Gwen is my MC. She is eighteen, living with a verbally abusive mother and new stepfather. She has a lot of chaos in her life. Her solution? Have things as tidy as possible. In a messy house, she always keeps her room clean. In a messy life, she lives by the rules. No illegal music downloading, no jaywalking, no stealing, etc. She goes from the petty things to the big ones. It's how she makes her way through life.
Arthur is my male MC. He's twenty-three, living with a detached father who spends more time ruling a kingdom than being a father to him, and his knights who rely on him to lead them. Rules are a part of his every day life. Enforcing the rules tends to mean him living by them. Only he doesn't always. He believes rules are only good until the point they cause you to compromise your beliefs. This is a point of contention between him and his father.
Merlin is the youngest physician in Camelot. After losing his home in Penrith, he's brought much needed help to the people living under the shadow of the castle walls. He is very intelligent and believes the technology brought to them from Gwen's world is something they shouldn't be shunning but should be grabbing on to. He does a lot of work with science in secret so he won't be called out for witchcraft. He believes rules are made to be broken. They were made by dull people with dull lives. The people who've added good to the world were all the people willing to go beyond, to risk everything.
I have several more characters but as you can see with the common thread here, they're one of a few kinds. Rule keepers, rule breakers, and the one's who take it rule by rule. They go to varying extremes and each person has a different reason for living life the way they do.

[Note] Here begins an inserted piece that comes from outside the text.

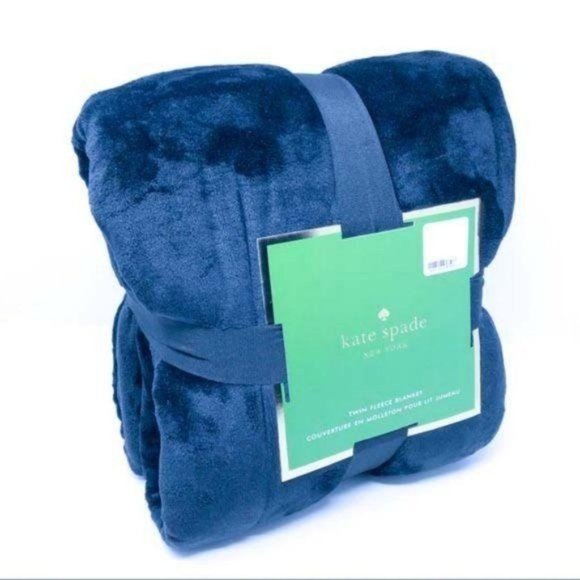 kate spade Other - NEW Kate Spade Twin Fleece Blanket - Navy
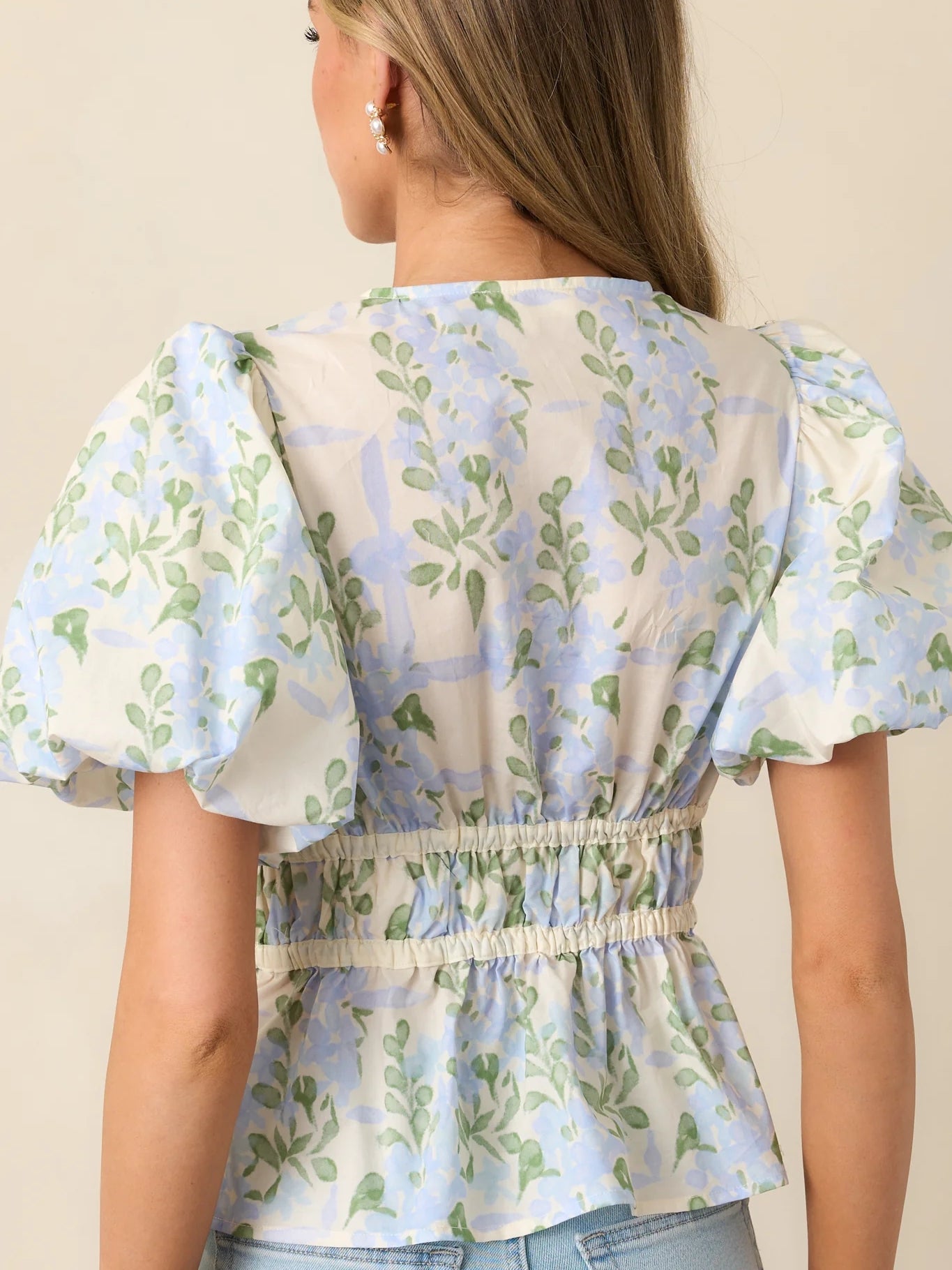 Cotton Pink Floral Puff Sleeve Blouse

The reason I focused on rules is simply because it shows so much about a person. When I look at the people around me, a lot of their personality and ethics can be seen in their feelings toward "rules". When I say rules, I'm not just talking about laws. I'm talking about a moral code that people live by. I don't need to know it's illegal to murder in order to know it's wrong. The fear of punishment doesn't stop me from committing the crime. It's my own morals that would stop me from even contemplating it.

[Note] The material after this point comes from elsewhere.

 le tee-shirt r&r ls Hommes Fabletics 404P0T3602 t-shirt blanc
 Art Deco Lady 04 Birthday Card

It's been a good thing for me to remember as I'm writing each character. When I write Merlin, I'm always asking myself how someone who enjoys breaking rules would react to a situation. It will hopefully convey his mischievousness.

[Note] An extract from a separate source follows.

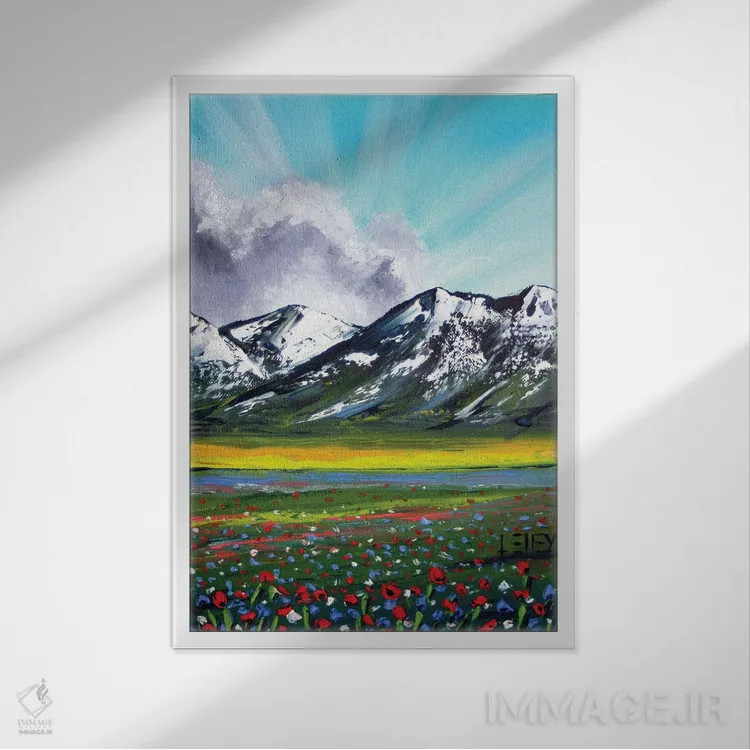 تابلو انتزاعی گل های وحشی کوهستانی اثر لیزا الی - نمای قابدار سفید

I'm up to 112,000 words. I was surging a bit further ahead in word count but I deleted some portions this week and I had to work on my chapter for my critique group so I've neglected my manuscript for a few days.
I was reading a history of King Arthur, mainly the legends involving his death. I'm using a portion of them for the ending conflict of the book and going a bit of a different direction than I was expecting too. From what I've been reading, Geoffrey of Monmouth's works are the oldest dramatized accounts of King Arthur we have. In his works, Arthur succeeds his father at the age of fifteen after Uther's death. He then leads armies to defeat the Scots and the Picts (who by the eleventh century were Scots as well), conquering Ireland, Iceland, and the Orkney Islands. At twenty-seven, he sets out to expand his empire by taking over Norway, Denmark, and Gaul. Because Gaul is still under control of the Roman empire, it leads to a fight between Arthur and Lucius, emperor of Rome. Arthur wins but while he's gone, Mordred (his nephew in Geoffrey's works) takes over the kingdom and steals Guinevere to be his queen.
My version doesn't go a lot into the battles of Arthur and in my book, Uther is still alive and Arthur is an adult. Still, battles and the peace of the surrounding territories would've been a big factor in both Arthur and his knight's lives. I've certainly included more than I intended to when I first started.
I haven't done too much research into Excalibur. I know its original name was Caledfwlch (also called Caliburnus) and that its magical properties were a big part of several legends, including Arthur's pulling of the sword from the stone. While Arthur does have a special sword in my book which plays into the story a little toward the end (right now), it isn't magical. Everything in my book is explained by science.
I've never cared for history too much so to be doing research on a fictional legend from Europe is really outside of my comfort zone. It'll be interesting to see how this all works out!